The task
Instruction for the entries below: return the part that opens with the line containing "Anomalous blobs of" and closes with the line containing "Thank you everyone", exactly, and no pictures.

Records provided
━━━

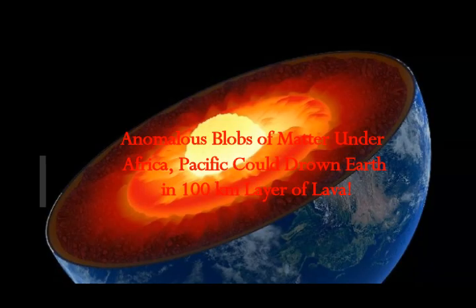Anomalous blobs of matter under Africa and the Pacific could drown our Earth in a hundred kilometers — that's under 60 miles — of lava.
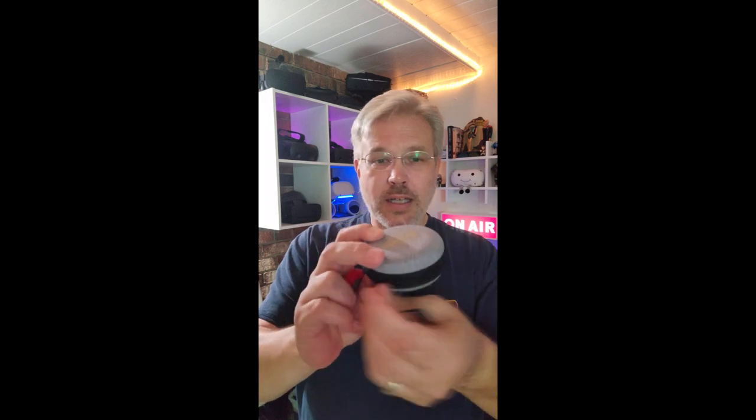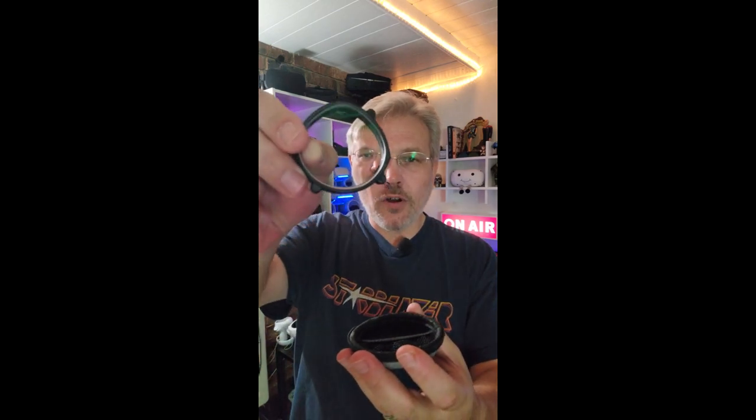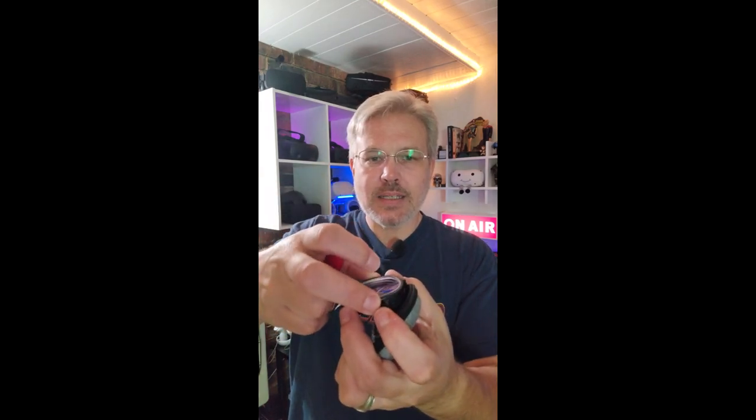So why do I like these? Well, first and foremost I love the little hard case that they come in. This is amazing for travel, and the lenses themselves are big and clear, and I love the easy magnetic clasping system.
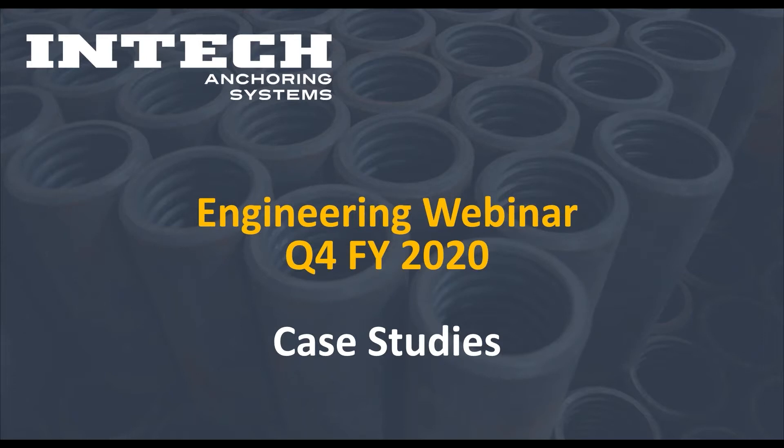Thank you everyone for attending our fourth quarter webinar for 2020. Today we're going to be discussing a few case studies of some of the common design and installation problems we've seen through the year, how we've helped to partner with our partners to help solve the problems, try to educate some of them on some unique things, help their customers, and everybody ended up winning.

━━━

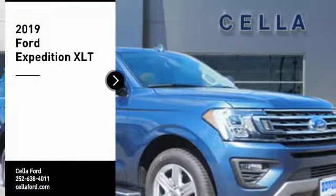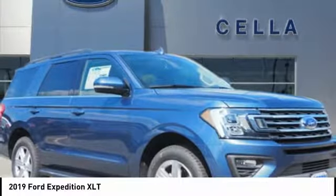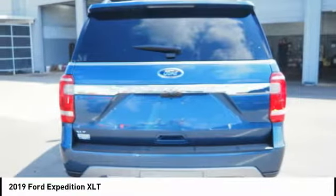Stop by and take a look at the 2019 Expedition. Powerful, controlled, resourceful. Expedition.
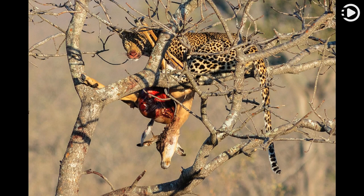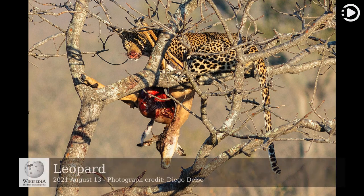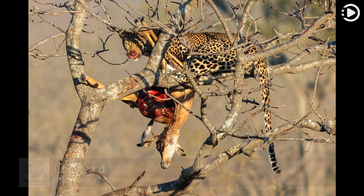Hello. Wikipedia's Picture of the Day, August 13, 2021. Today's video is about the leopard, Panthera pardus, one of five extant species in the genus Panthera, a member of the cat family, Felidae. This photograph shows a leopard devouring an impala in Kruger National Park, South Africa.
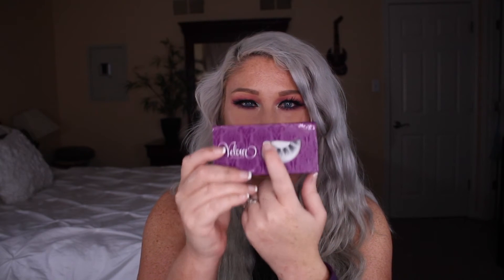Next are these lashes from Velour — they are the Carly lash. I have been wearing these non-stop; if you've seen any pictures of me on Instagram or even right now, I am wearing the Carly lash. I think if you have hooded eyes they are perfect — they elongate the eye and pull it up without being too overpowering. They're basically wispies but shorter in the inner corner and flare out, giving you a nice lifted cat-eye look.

━━━

Response below
Anomalous blobs of matter under Africa and the Pacific could drown our Earth in a hundred kilometers — that's under 60 miles — of lava.
So why do I like these? Well, first and foremost I love the little hard case that they come in. This is amazing for travel, and the lenses themselves are big and clear, and I love the easy magnetic clasping system.
Thank you everyone for attending our fourth quarter webinar for 2020. Today we're going to be discussing a few case studies of some of the common design and installation problems we've seen through the year, how we've helped to partner with our partners to help solve the problems, try to educate some of them on some unique things, help their customers, and everybody ended up winning.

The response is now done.